[[ Extracted records open ]]

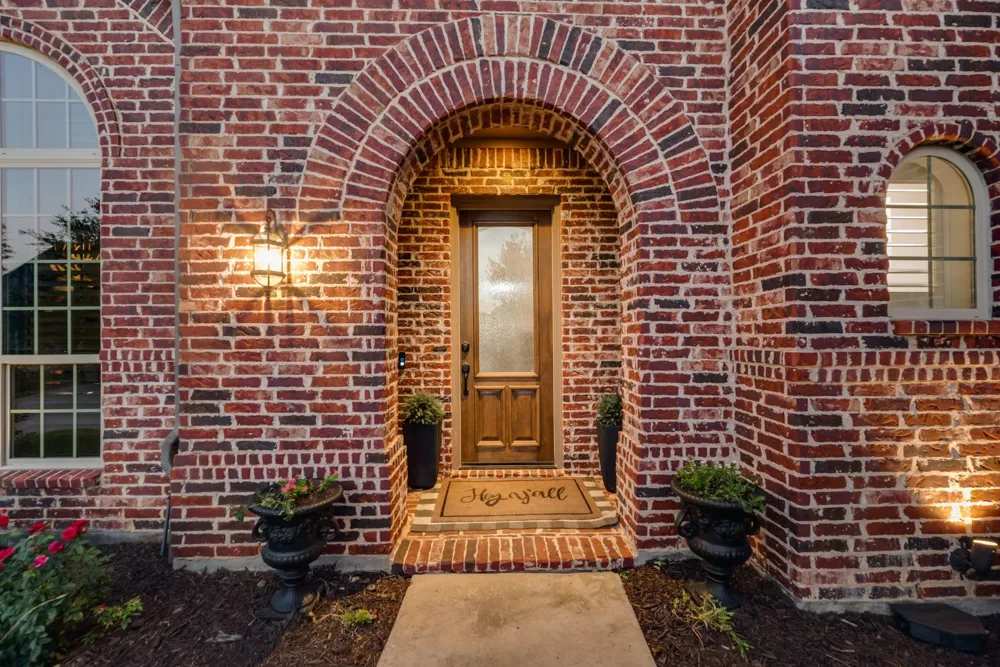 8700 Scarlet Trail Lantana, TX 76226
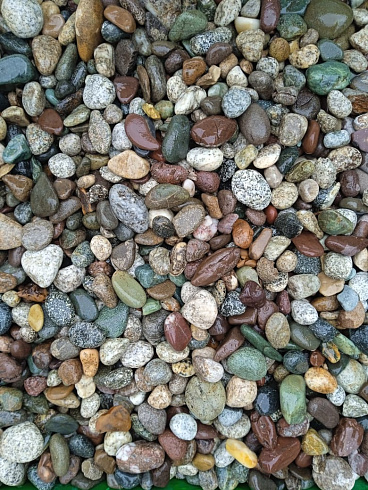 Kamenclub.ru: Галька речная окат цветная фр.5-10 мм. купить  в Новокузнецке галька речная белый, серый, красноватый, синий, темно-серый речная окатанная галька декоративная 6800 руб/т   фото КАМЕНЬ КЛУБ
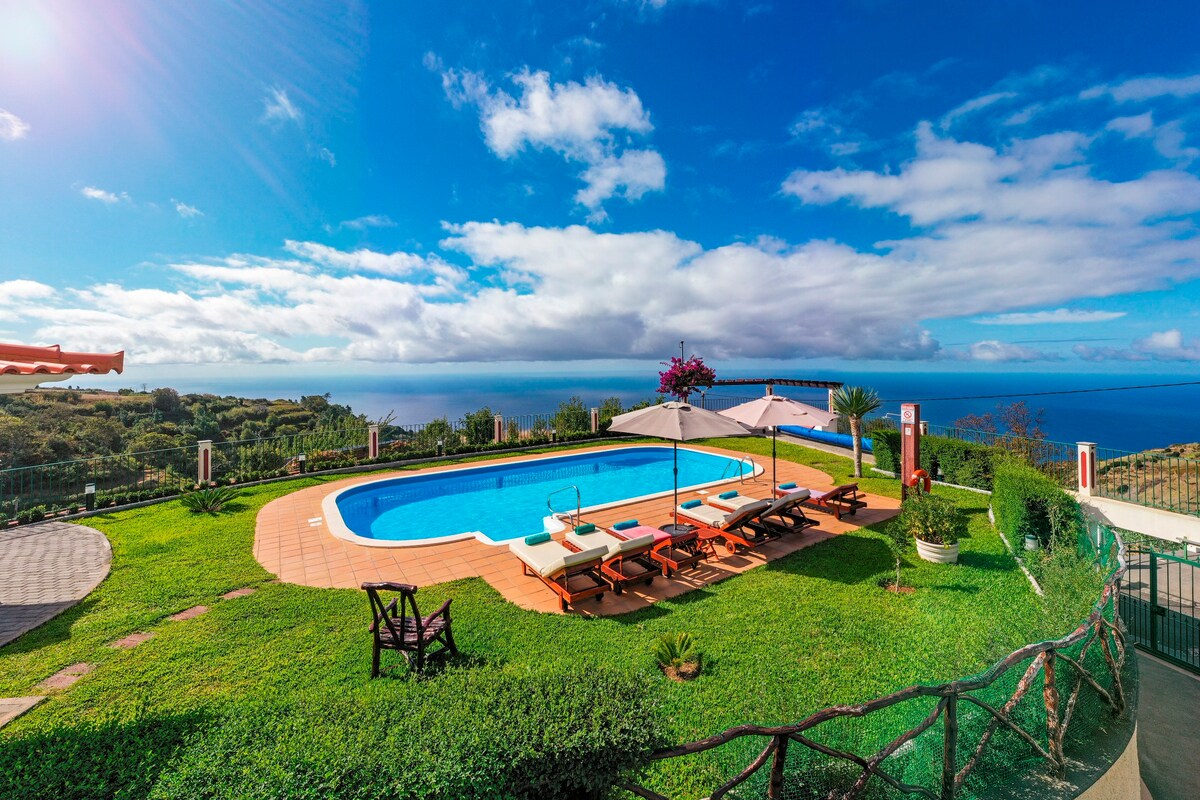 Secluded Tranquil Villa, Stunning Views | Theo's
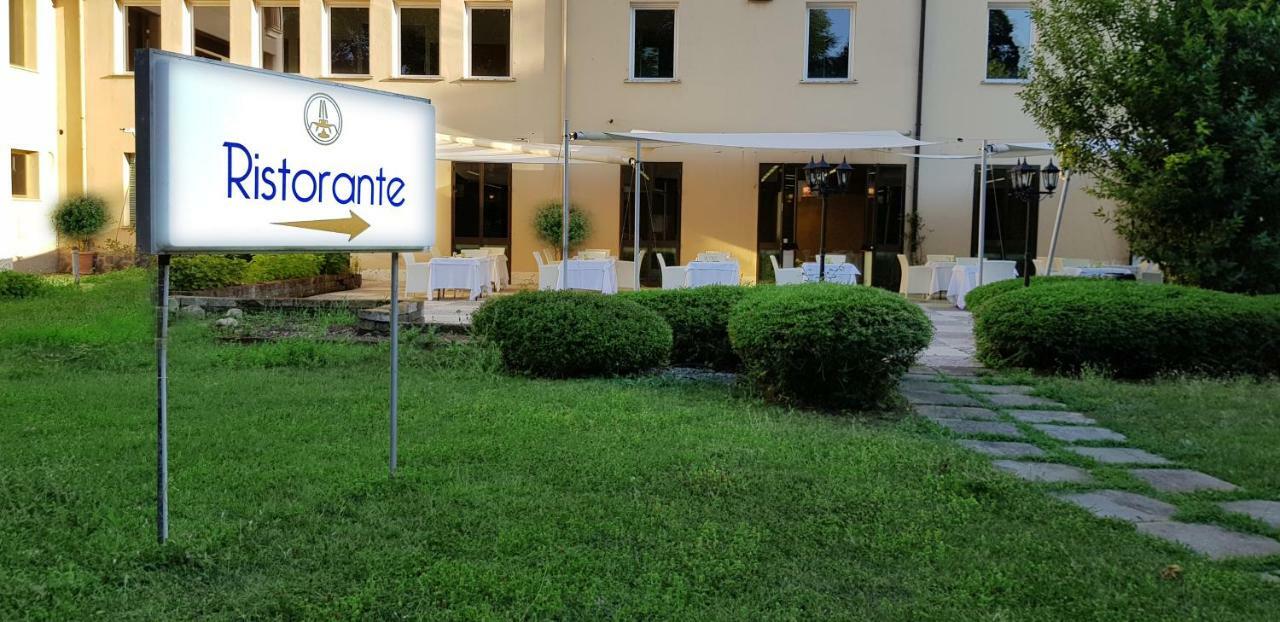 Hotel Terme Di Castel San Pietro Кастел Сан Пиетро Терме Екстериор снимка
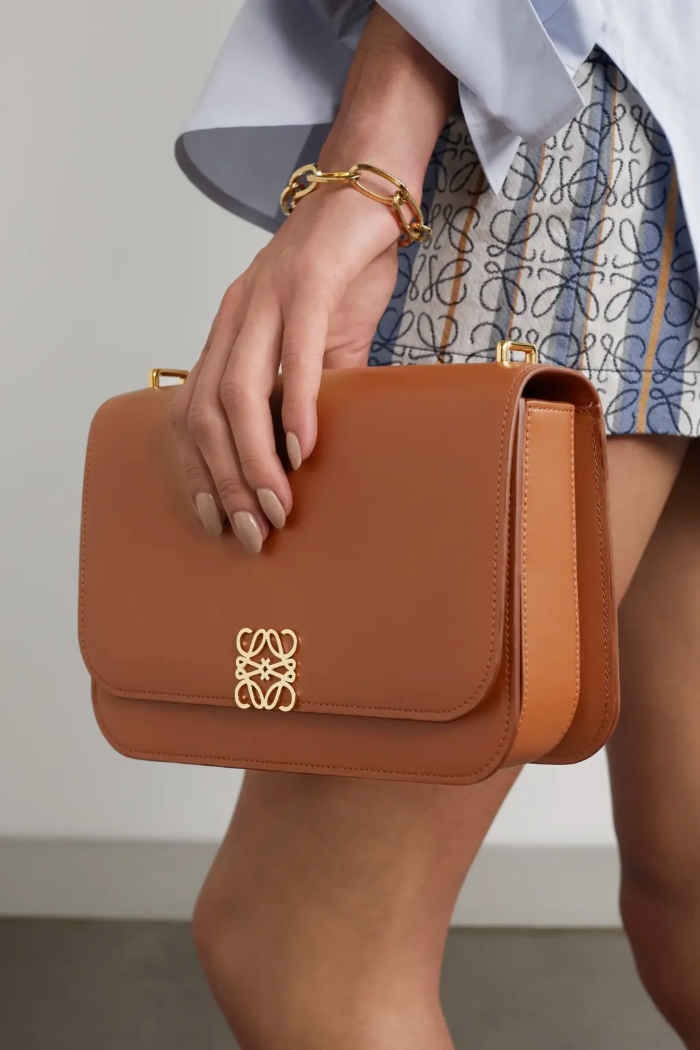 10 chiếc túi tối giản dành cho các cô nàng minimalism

[[ Extracted records closed ]]
[[ Extracted records open ]]

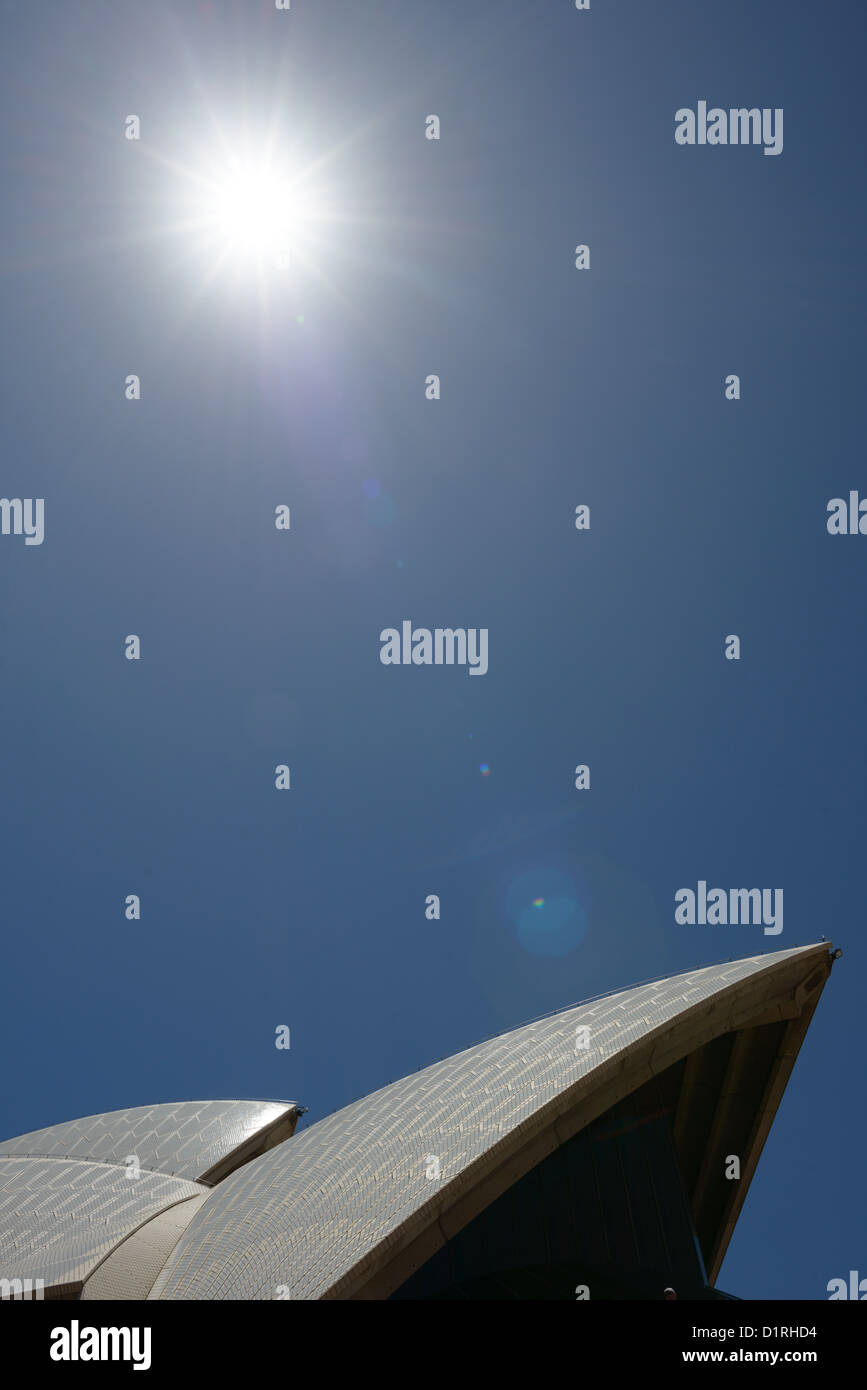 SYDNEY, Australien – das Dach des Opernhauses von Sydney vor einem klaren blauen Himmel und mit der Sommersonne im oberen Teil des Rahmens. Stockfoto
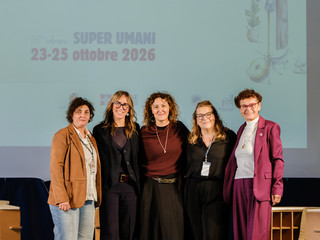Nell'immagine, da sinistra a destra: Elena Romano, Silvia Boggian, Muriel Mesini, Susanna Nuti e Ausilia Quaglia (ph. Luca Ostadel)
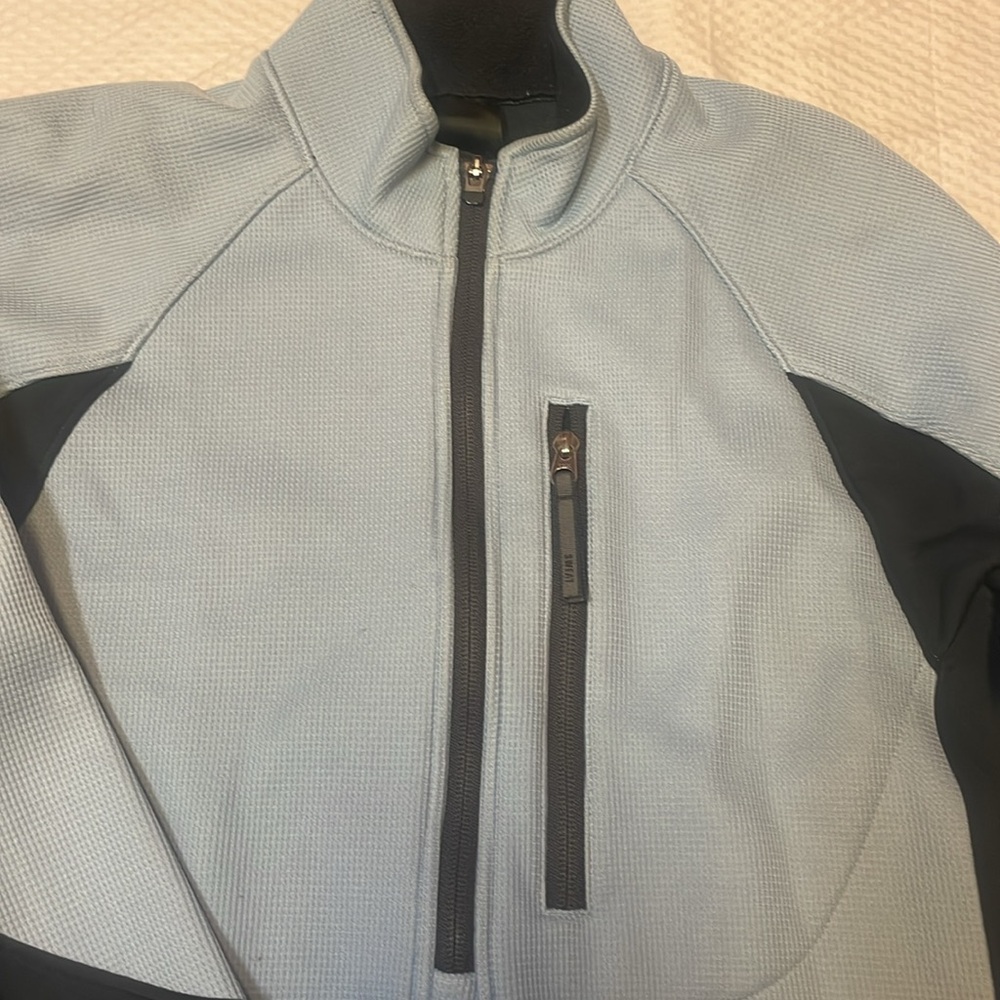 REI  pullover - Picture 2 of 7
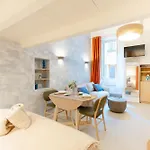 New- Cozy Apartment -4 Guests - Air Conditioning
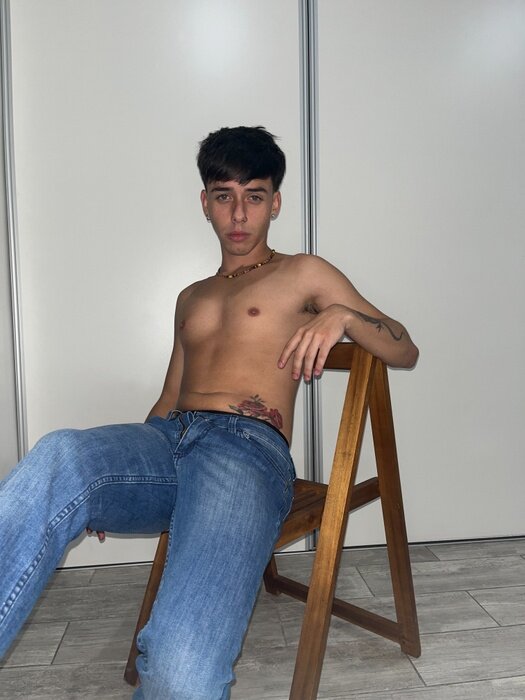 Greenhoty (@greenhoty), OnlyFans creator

[[ Extracted records closed ]]

> Instructions for the task: A clean copy is needed of the lines above from the one with "8700 Scarlet Trail Lantana, TX 76226" up to and including the one with "10 chiếc túi". Please set it down exactly, with no pictures.

> Answer below:
 8700 Scarlet Trail Lantana, TX 76226
 Kamenclub.ru: Галька речная окат цветная фр.5-10 мм. купить  в Новокузнецке галька речная белый, серый, красноватый, синий, темно-серый речная окатанная галька декоративная 6800 руб/т   фото КАМЕНЬ КЛУБ
 Secluded Tranquil Villa, Stunning Views | Theo's
 Hotel Terme Di Castel San Pietro Кастел Сан Пиетро Терме Екстериор снимка
 10 chiếc túi tối giản dành cho các cô nàng minimalism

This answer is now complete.